Aim of the exercise:
The answer must be an exact copy of the records below, with every picture left out.

Exercise material:

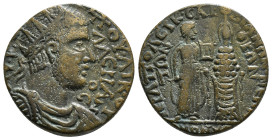 PHRYGIA. Hierapolis. Valerian I (253-260). Ae. Homonoia issue with Sardis.
Obv: AY K ΠOY ΛIK OYAΛЄΡΙΑΝΟC.
Radiate, draped and cuirassed bust right.
Re...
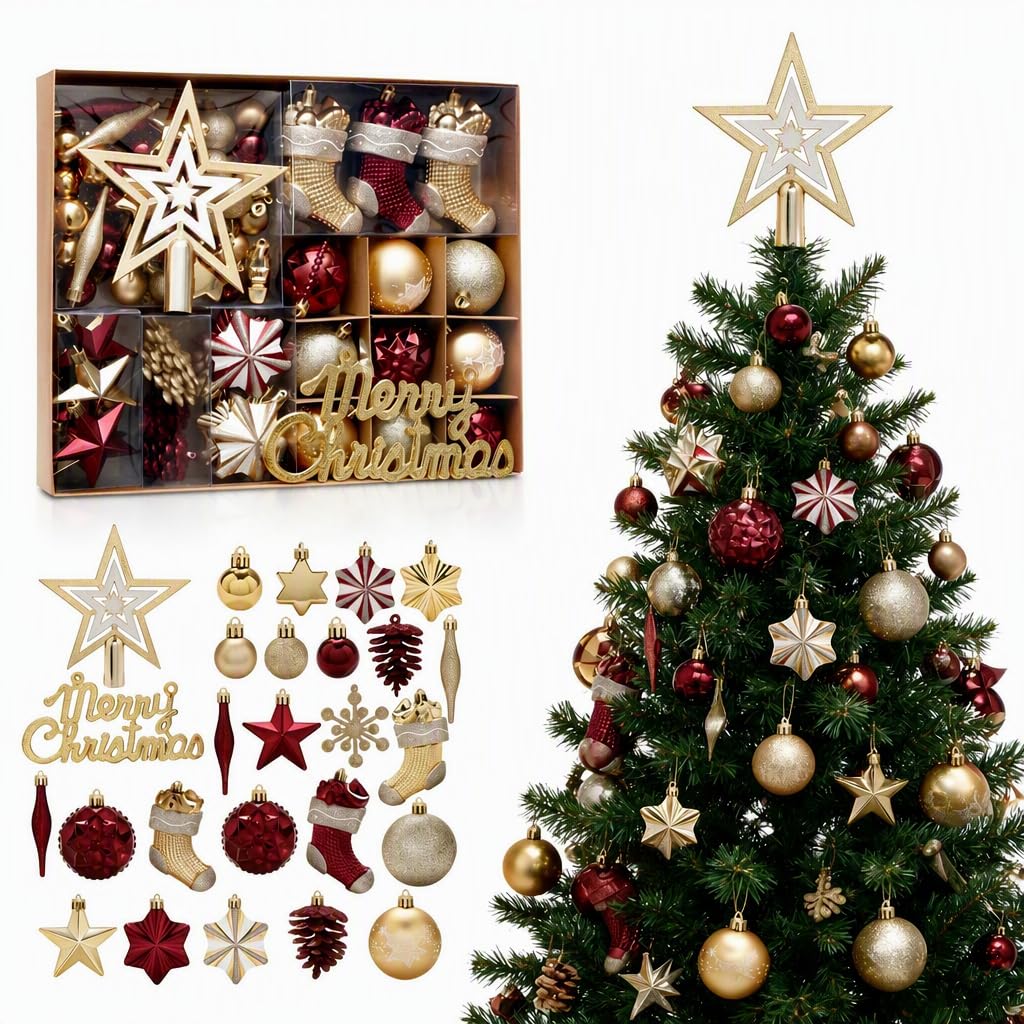 70 Pcs Christmas Baubles Ornaments for Christmas Tree Decorations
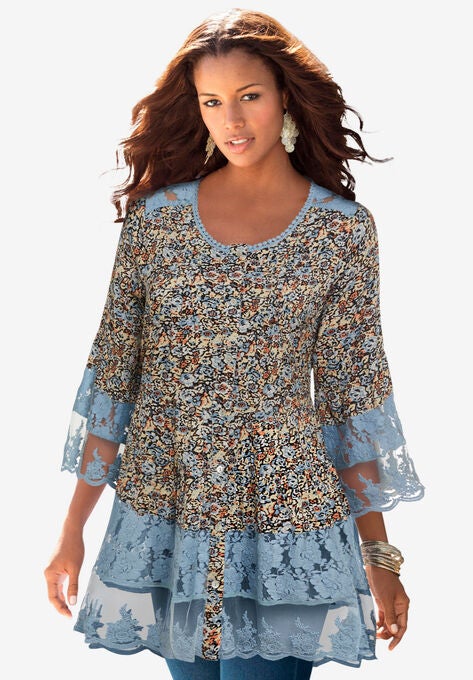 Illusion Lace Big Shirt, BLUE PRINT, hi-res image number null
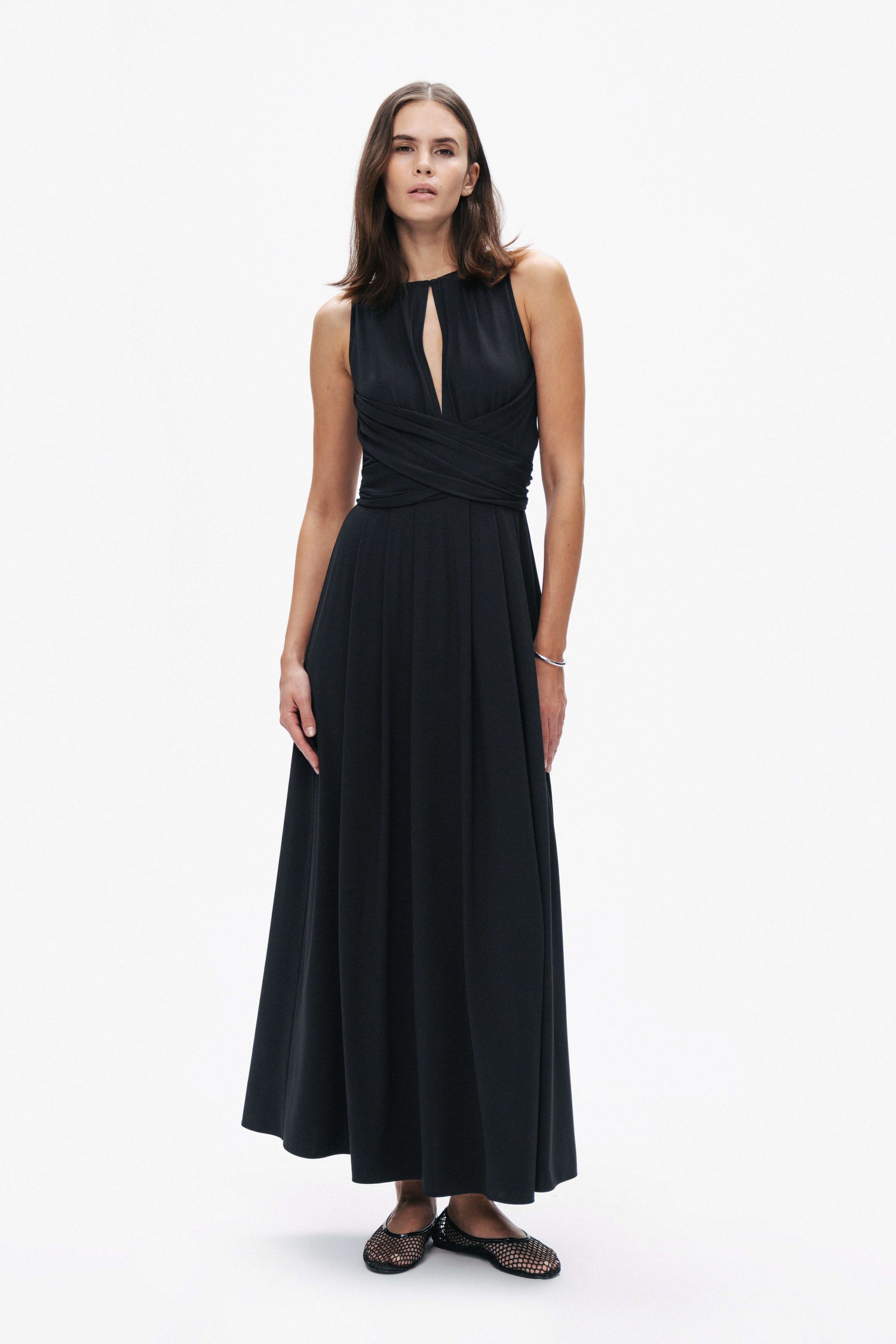 Maxi Dress with Belt Ties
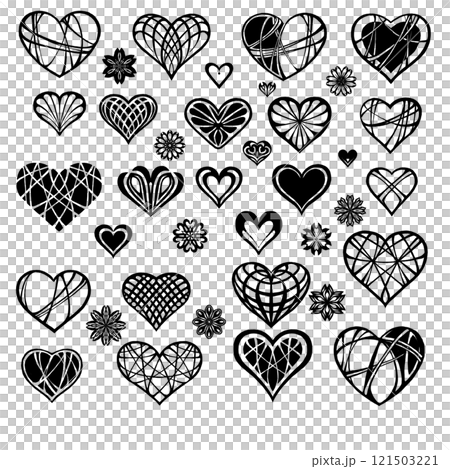 A set of hearts for decorating Valentine's day, white day in the tattoo style. A set of hearts for decorating Valentine's day, white day in the tattoo style. 121503221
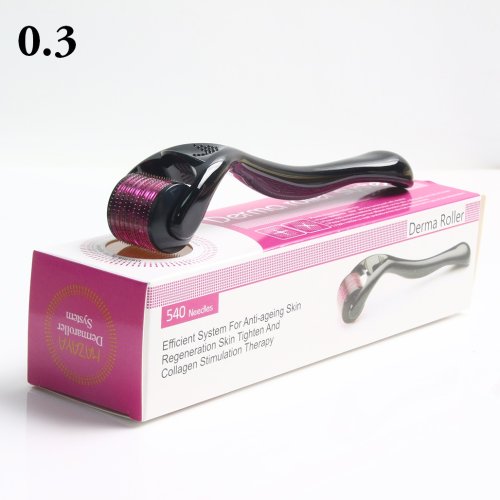 Immagine di Rullo ad ago in titanio sterile 540 pin Rullo per la pelle del viso da 0,25 mm con custodia per la cura di uomini e donne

Task result:
 PHRYGIA. Hierapolis. Valerian I (253-260). Ae. Homonoia issue with Sardis.
Obv: AY K ΠOY ΛIK OYAΛЄΡΙΑΝΟC.
Radiate, draped and cuirassed bust right.
Re...
 70 Pcs Christmas Baubles Ornaments for Christmas Tree Decorations
 Illusion Lace Big Shirt, BLUE PRINT, hi-res image number null
 Maxi Dress with Belt Ties
 A set of hearts for decorating Valentine's day, white day in the tattoo style. A set of hearts for decorating Valentine's day, white day in the tattoo style. 121503221
 Immagine di Rullo ad ago in titanio sterile 540 pin Rullo per la pelle del viso da 0,25 mm con custodia per la cura di uomini e donne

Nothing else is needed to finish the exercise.